A market leader with 50+ terminals across the U.S. is using data to drive a successful forecasting, increase on time deliveries, and maintain price.
The producer had more than doubled in size in 5 years since acquiring two more plants, opening more terminals and recently doubling production capacity at another plant location. Sales, logistics and operations were briefly communicating formally every week to update each function on the state of the union.
The business had reached a size and complexity that had outgrown their current planning process and distribution strategy. This was evidenced by:
- Customer shipments were delayed because of low inventories of finished product, despite very high levels of raw materials WIP
- Inaccurate metrics. Bottlenecks had changed at key plant locations since the capacity expansion, effectively pushing the limiting factor to another area. There were few ways to know predict problems before they occurred.
- Railcar movement was slowed down significantly from torrential rains in the Midwest. This provided another supply bottleneck and underscored the inefficiency of current loading practices at some facilities.
- Communication and Responsibility failures. For example, Plant A could have produced more product, but they were running to budget and not demand. Another example: Logistics saw the upcoming problem with FG levels but did not “squawk” loud enough to warn sales and ops.
- Forecasts generally are not accurate (they go out for 12 months but are not very granular in the nearest month.)
- Information from plants was closed off to the sales and planning functions
We began with a two-stage process beginning with a brief diagnostic to identify the key leverage points in the current state and confirm the approach required for the following more detailed and rigorous future state design.
In stage I, the current-state diagnostic had three objectives:
- Identify areas to leverage
We wanted to first ensure that we are focused on those parts of the planning and communication chain that have the greatest value potential for the business. For example, we would like to examine forecasting by understanding the variability demand by product by market. This could generate a conceptual matrix as shown below:
We used this type of analysis, and other cuts at the data (e.g. forecast volatility by customer) to identify those areas where the team should focus its effort to improve the process.
- Create an “As Is” map
We created an “As Is” map that will clearly detail the key parts of the current supply chain process. This required interviews with all participants in the supply chain to better understand the information flows around a) how service levels are determined, b) capacity planning, c) cost to serve by product and customer, d) sales planning and e) inventory management.
The team searched for “disconnects” (flaws) in the As Is process (e.g. Unclear/inappropriate roles/structure, insufficient skills, insufficient/inappropriate resources ($ and people), No/wrong metrics, etc.) and conduct root cause analysis for the key problems.
As part of developing the “As Is” map we also needed to fully understand the information flow from raw material sourcing all the way to forecasting and inventory management.
- Plan for Future State
Once the “As Is” map was complete we conducted several reviews of the map and identify those areas of the S&OP process which needed to be fixed and the level of difficulty/intervention required to fix them. This then formed the basis for developing a detailed project plan for the next phase of the work.
Stage II: Design the Future State Process
This would likely center around four developmental areas: 1) information flow, 2) segmentation of products and customers, 3) forecasting, and 4) leadership commitment to modeling the right behaviors.
Included would be the development and agreement of specific accountabilities.
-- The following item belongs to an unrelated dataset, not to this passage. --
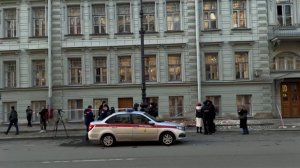 Мужчина попал в реанимацию из-за упавшей на голову лепнины в Петербурге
This is one type of project in which a real RACI (Responsible, Accountable, Consulted, Informed) matrix was required.
As part of the future process, we inserted process measures, internal measures and customer measures to better establish warning signals ahead of negative customer or cost impact. For example, we wanted to know 3 months ahead how many tons of WIP by category a plant will have as well as finished product. Another metric was related to railcar loading efficiency.
We also utilized a linear program to predict impacts to the network on different decision scenarios.
This phase will incorporate the elements of change management planning such as roll out approach (hard cut vs. phased approach), project management practices, syndication and communication deployment, and mid-course corrections.
Post Implementation Audit
To help ensure that the agreed process is being followed we propose that a detailed audit of the process be conducted. This can only begin once the Project Manager has been recruited/assigned and has had time to begin implementation.
The results (so far)
11 months into the implementation , the results are encouraging. Logistics costs have been reduced by $1.5 million over a period in which the company enjoyed their best sales year in their 50-year history. Plants are making product to demand which keeps the organization nimble and reduces reliance on railcar storage units. Customer satisfaction scores have increased which reduces customer churn- directly impacting the average selling price in a commodity market.